Problem — Your copy of the entries below should hold exactly the lines from the one containing "Next card is" to the one containing "Welcome back to", inclusive, and no pictures.

Data provided —
- - - - - - -

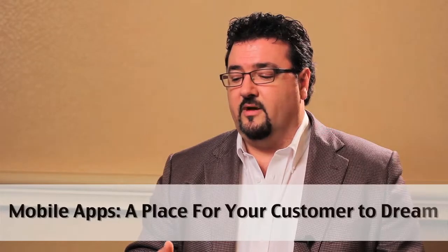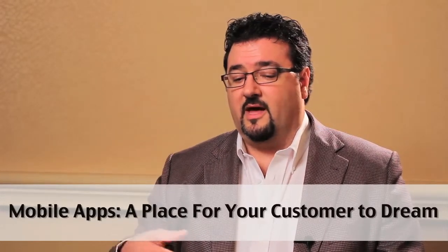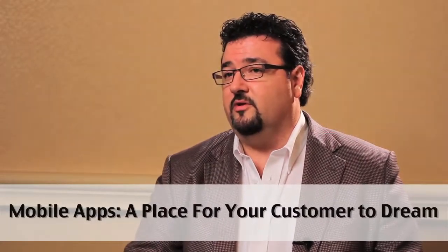Over time you build more of those service opportunities, and then allow them to check out your new and used car inventory.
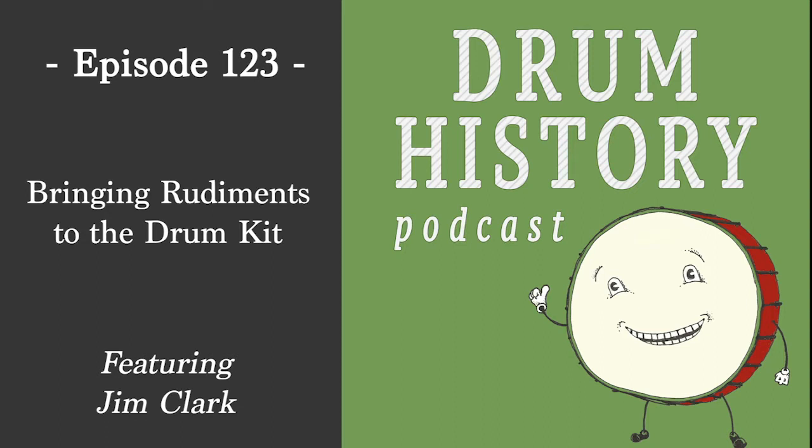We're going to do something kind of practical today and talk about applying rudimental drumming, which I think can be very educational — very different than your standard day-to-day gigging, you know, rock, jazz, blues, whatever drumming.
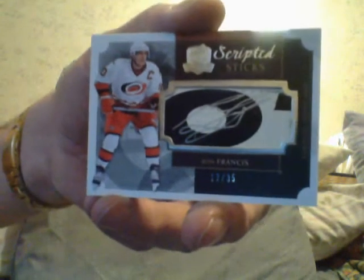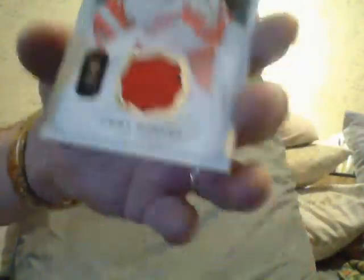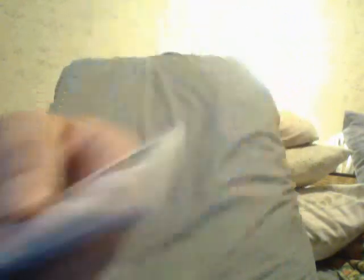Next card is a Scripted Sticks - a game-used stick of Ron Francis with a Ron Francis autograph. He was a great goal scorer. Then I got a Jersey card, the 25 of Jimmy Howard. They got the base cards, and then they got the Jersey cards, then they got the Jersey autograph base cards.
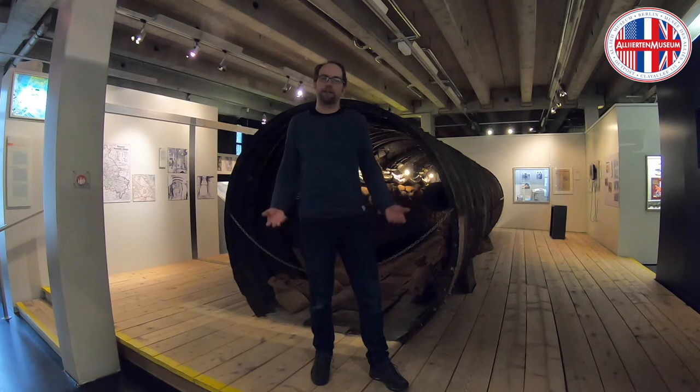Hello, my name is Andreas Hoffmann. I'm a tour guide here in the Allied Museum and I would like to present another of my favorite objects in this exhibition, which is the spy tunnel just behind me.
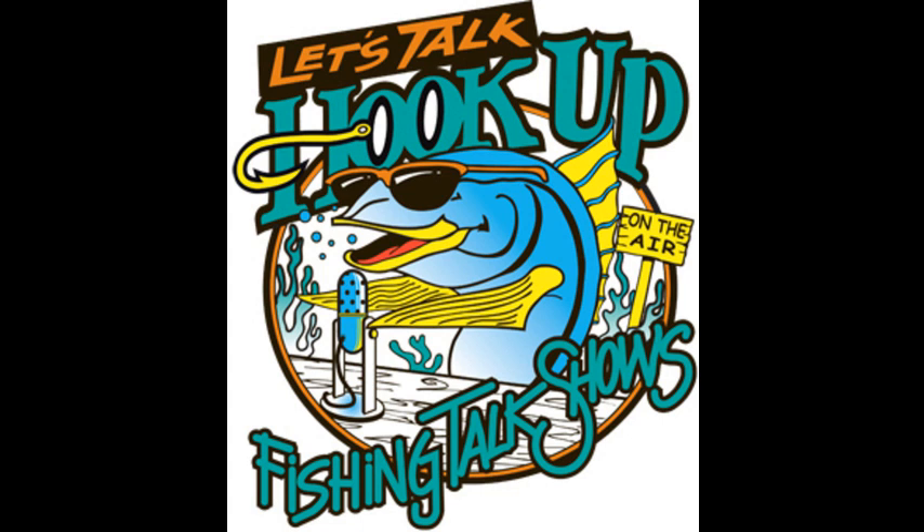Welcome back to Let's Talk Hookup on the Mighty 1090! Looking forward to having Captain Mike Pritchard from the Tribute in studio this morning. Pete's going to be doing a little field research today, so he won't be joining us. But we have a lot to talk about today. It's November, getting late into November, but Tribute's still running, still fishing, still fish to be caught.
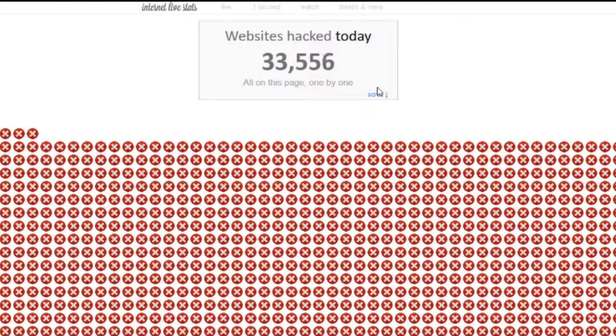Right here we're looking at Internet Live Stats — as you can tell, these show how many websites got hacked today. I've been checking it every day since getting the idea for this video, and the average is 33,000 and over. This is crazy, especially because there's one simple solution.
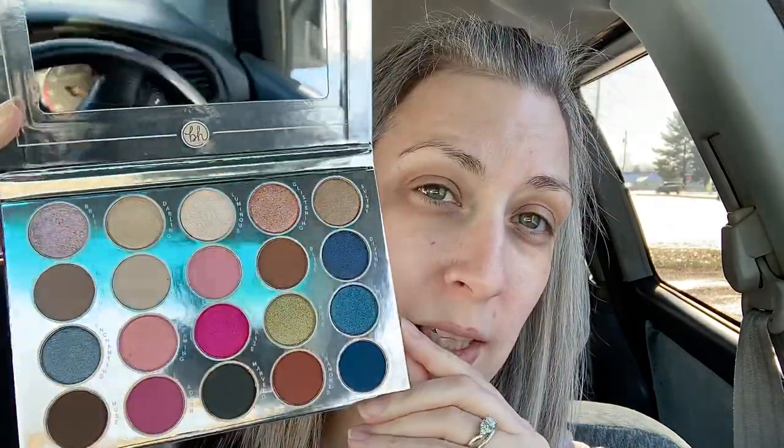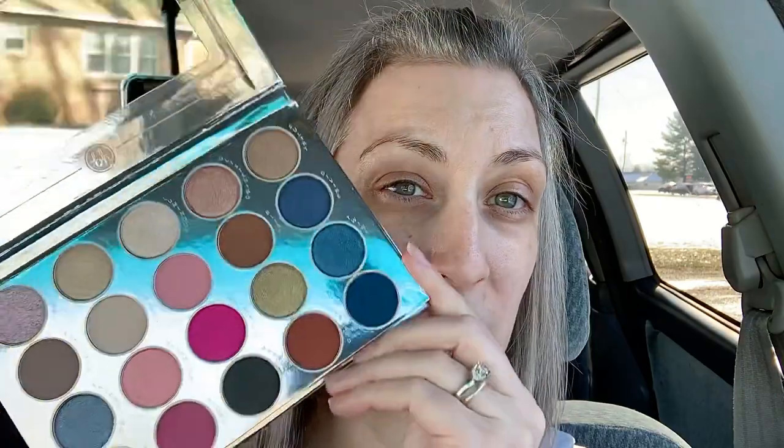I also got, as kind of my Christmas present to myself, the BH Cosmetics Fairy Lights Palette. I'm going to be doing a palette clean-out, maybe not on camera. I'm getting rid of a lot of stuff, but I could not pass this up — I just thought it was so beautiful. I saw it in store and looked it up, and it was on sale for $12, so I just couldn't pass it up.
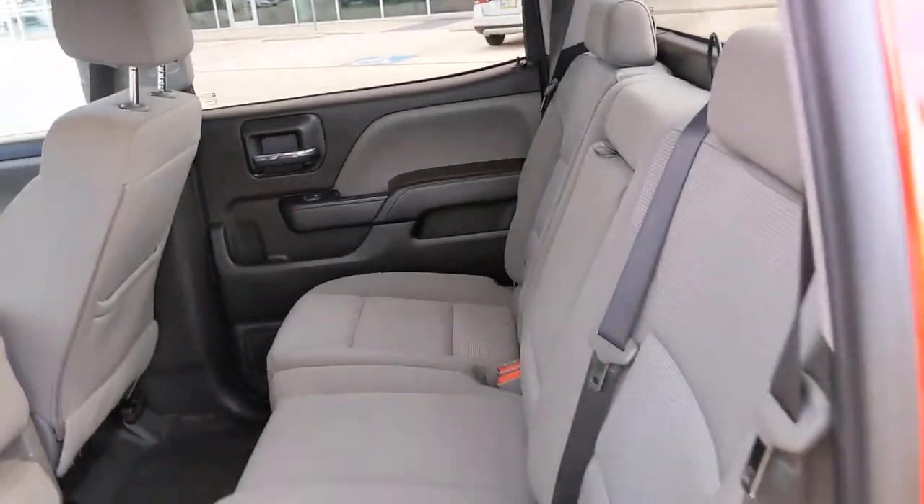Stability control, tow hooks, HID headlights, traction control, pass-through rear seat.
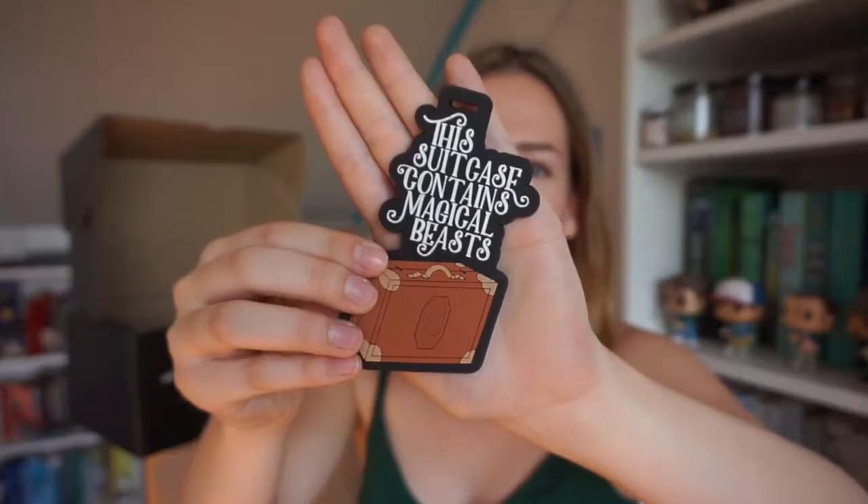This is amazing. This is a Newt Scamander inspired luggage tag for your traveling suitcase. It's a Fairyloot exclusive Magical Beasts luggage tag, which is absolutely amazing. It says 'This suitcase contains magical beasts.' I don't even really have a nice luggage tag and it's definitely something I still needed, so it comes in very handy. Good job Fairyloot for putting this in the box.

- - - - - - -

Task solution —
Next card is a Scripted Sticks - a game-used stick of Ron Francis with a Ron Francis autograph. He was a great goal scorer. Then I got a Jersey card, the 25 of Jimmy Howard. They got the base cards, and then they got the Jersey cards, then they got the Jersey autograph base cards.
Hello, my name is Andreas Hoffmann. I'm a tour guide here in the Allied Museum and I would like to present another of my favorite objects in this exhibition, which is the spy tunnel just behind me.
Welcome back to Let's Talk Hookup on the Mighty 1090! Looking forward to having Captain Mike Pritchard from the Tribute in studio this morning. Pete's going to be doing a little field research today, so he won't be joining us. But we have a lot to talk about today. It's November, getting late into November, but Tribute's still running, still fishing, still fish to be caught.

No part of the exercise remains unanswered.